The 11th USENIX Symposium on Operating Systems Design and Implementation (OSDI ’14) had an interesting presentation on “Simple Testing Can Prevent Most Critical Failures: An Analysis of Production Failures in Distributed Data-Intensive Systems”.
Below is the summary of the study:
- The study explores the reasons why distributed systems fail in production by analyzing the root causes of around 200 confirmed system failures.
- The failures were reported against open-source projects that are used to implement distributed systems, including Cassandra, HBase, HadoopDistributed File System (HDFS), Hadoop MapReduce, and Redis.
- The key takeaways are:
- 92% of the catastrophic system failures are the result of incorrect handling of non-fatal errors explicitly signaled in software.
- In 58% of the catastrophic failures, the underlying faults could easily have been detected through simple testing of error handling code.
- A majority (77%) of the failures require more than one input event to manifest, but most of the failures (90%) require no more than 3.

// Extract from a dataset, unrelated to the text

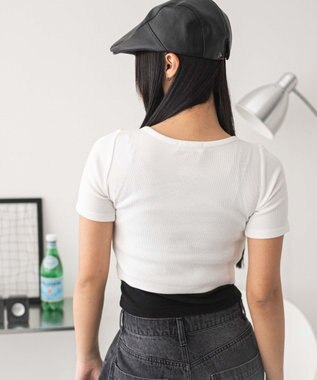 WEGO レースキャミレイヤード風ちびT ホワイト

- For a majority (84%) of the failures, all of their triggering events are logged.
- More focus on writing and validating error handling code.
- Run integration tests with a small number of nodes.
- Examine your application logs to diagnose failures.
Here is a link to the full paper: (Link)
- The authors developed a tool called Aspirator. It is a tool that checks for trivial bug patterns in exception handlers for Java or JVM compatible programs.